Entretanto, para resolver o “problema” da habitação, houve já muitas “estratégias” e muitos “programas”. Houve a “Estratégia Nacional para a Habitação”, de 2015, a “Nova Geração de Políticas da Habitação”, de 2018 (NGPH), o programa “1.º Direito – Programa de Apoio ao Acesso à Habitação”, de 2018, a Lei de Bases da Habitação, de 2019, o “Chave na Mão – Programa de Mobilidade Habitacional para a Coesão Territorial”, de 2019, entre outros. E agora temos este pomposo anúncio do programa “Mais Habitação”. Quantos mais programas e estratégias houver, mais anúncios teremos porque o problema não é o problema da habitação, é o problema da pobreza sistémica e profunda que o país vive há anos. O socialismo é isto: uma crença, quase religiosa, na ideia de que o Estado pode controlar e planear tudo, dizer o que as pessoas podem e devem fazer, não contando com contingências imprevisíveis ou as circunstâncias pessoais de cada indivíduo e da vontade de cada um agir em liberdade.

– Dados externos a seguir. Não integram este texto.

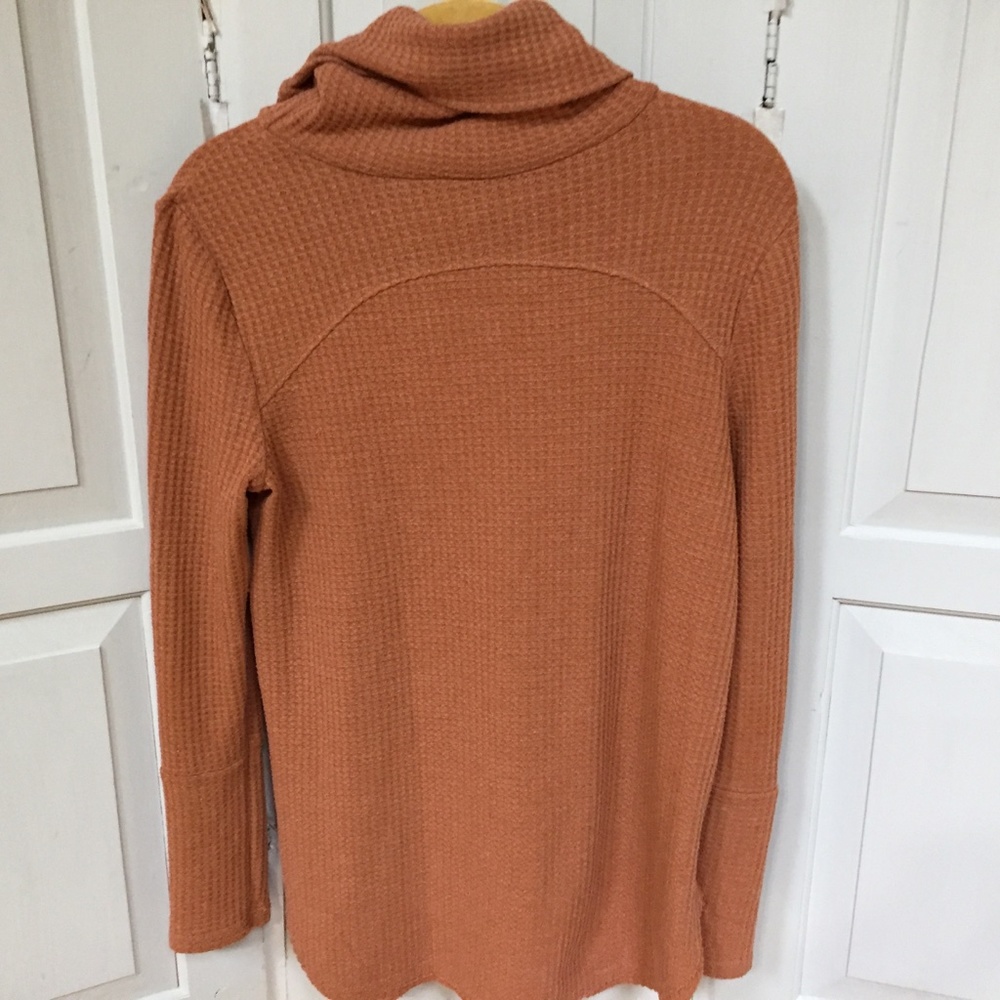 ❤️ Design Lab Waffle Cowl Neck Top - Picture 10 of 13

Mas vamos ao regime do arrendamento.
A actual “lei das rendas” é uma lei de 2006, ou seja, do tempo de Sócrates e de Costa. Foi essa lei (Novo Regime do Arrendamento Urbano, abreviadamente NRAU, aprovado pela Lei n.º 6/2006 de 27 de Fevereiro), que veio abrir a possibilidade de os senhorios porem fim ao vinculismo dos contratos antigos, permitindo, em determinadas circunstâncias, que se pudesse pôr termo aos contratos ou se pudesse apor-lhes um prazo ou ainda se pudesse actualizar as rendas. No âmbito desse programa posto necessário por causa da bancarrota de Sócrates (repito, de quem Costa era ministro e muito próximo), em 2012, esta lei (NRAU) foi revista (pela Lei n.º 31/2012 de 14 de Agosto). Porém, apesar das inúmeras alterações com vista à liberalização do regime do arrendamento, o legislador teve a preocupação de acautelar a situação de inquilinos mais vulneráveis, como o caso dos deficientes com elevado grau de incapacidade ou dos idosos.
Eis algumas dessas medidas “liberalizadoras” desta lei de 2012:
– a liberdade de estipulação do prazo contratual;
– a agilização do processo de despejo por falta de pagamento de renda, prevendo-se um mecanismo abreviado para o efeito, assim que estivessem por pagar duas rendas;
– o aprofundamento das hipóteses (que já existiam na lei de 2006) de o senhorio poder pôr fim aos contratos antigos e do procedimento (mais ou menos complexo) para actualização das rendas;
– a alteração do regime das obras em prédios arrendados, permitindo-se a desocupação com vista à realização de obras de demolição ou restauro profundos;
– a concretização da denúncia imotivada do contrato de arrendamento em determinadas circunstâncias.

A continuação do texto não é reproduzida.